▶ [Task details]
The whole listing is to be retyped exactly as it appears.
━━━ The data
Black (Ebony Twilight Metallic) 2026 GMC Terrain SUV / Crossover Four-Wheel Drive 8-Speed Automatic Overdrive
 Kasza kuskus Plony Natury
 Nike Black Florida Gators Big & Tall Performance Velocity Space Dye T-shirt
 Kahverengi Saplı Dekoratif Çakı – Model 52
━━━━━━
▶ [Exercise result]
Black (Ebony Twilight Metallic) 2026 GMC Terrain SUV / Crossover Four-Wheel Drive 8-Speed Automatic Overdrive
 Kasza kuskus Plony Natury
 Nike Black Florida Gators Big & Tall Performance Velocity Space Dye T-shirt
 Kahverengi Saplı Dekoratif Çakı – Model 52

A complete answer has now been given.